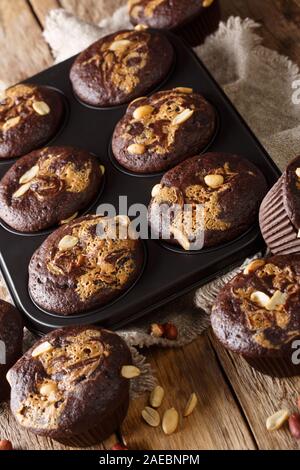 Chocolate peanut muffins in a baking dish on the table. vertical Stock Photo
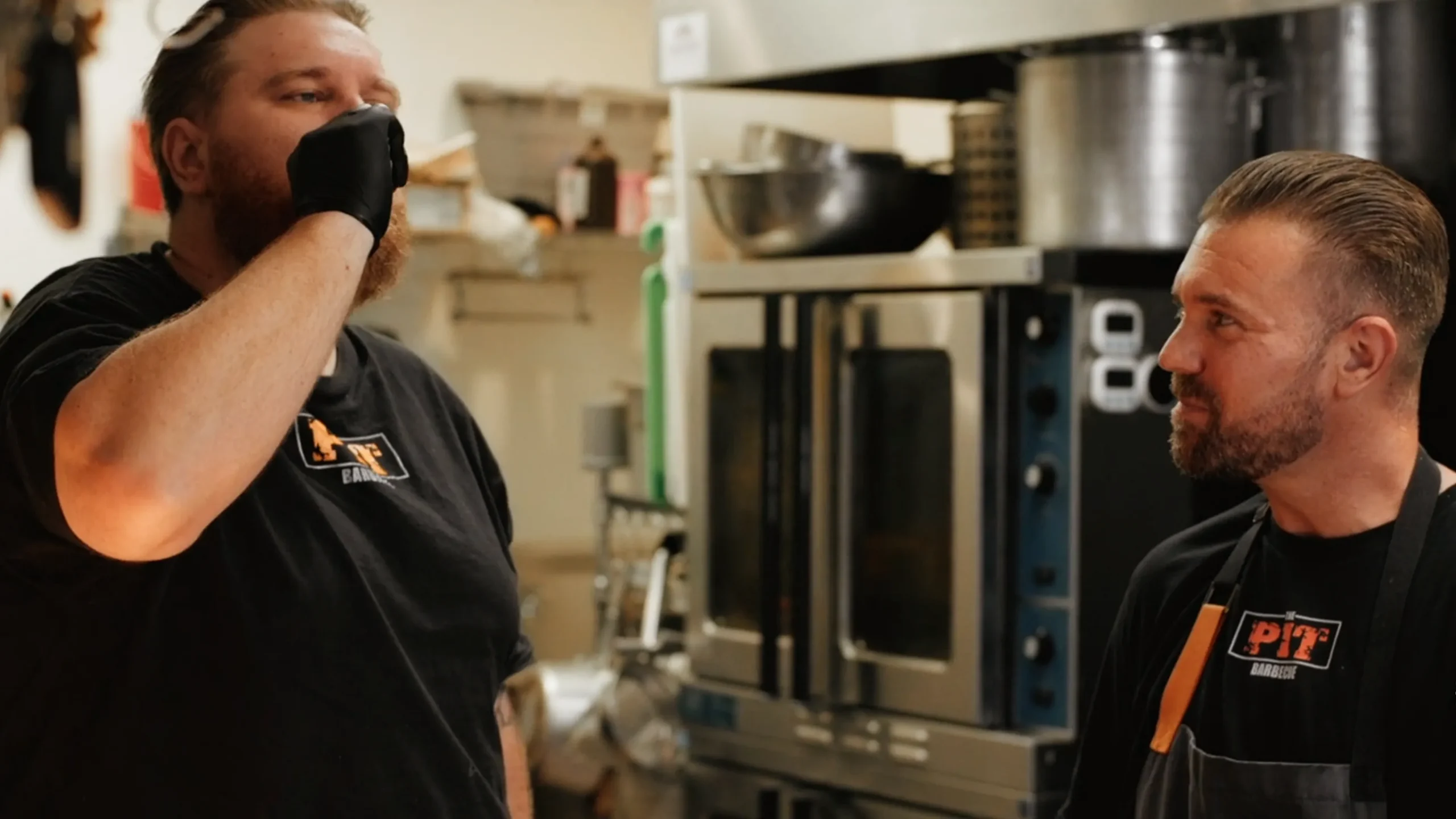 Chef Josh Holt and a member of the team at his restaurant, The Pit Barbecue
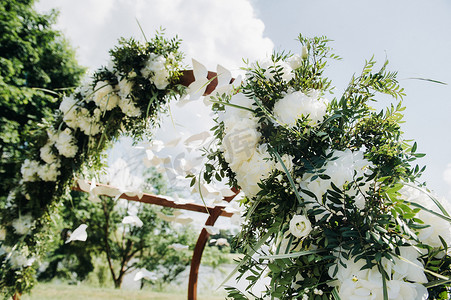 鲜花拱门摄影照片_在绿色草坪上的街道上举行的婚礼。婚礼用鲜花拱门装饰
+-------+
» TASK BRIEF: Leave out every picture, and copy exactly the lines from the line that contains "Chef Josh Holt" through the end of the material.

» SOLUTION TO THIS TASK:
 Chef Josh Holt and a member of the team at his restaurant, The Pit Barbecue
 鲜花拱门摄影照片_在绿色草坪上的街道上举行的婚礼。婚礼用鲜花拱门装饰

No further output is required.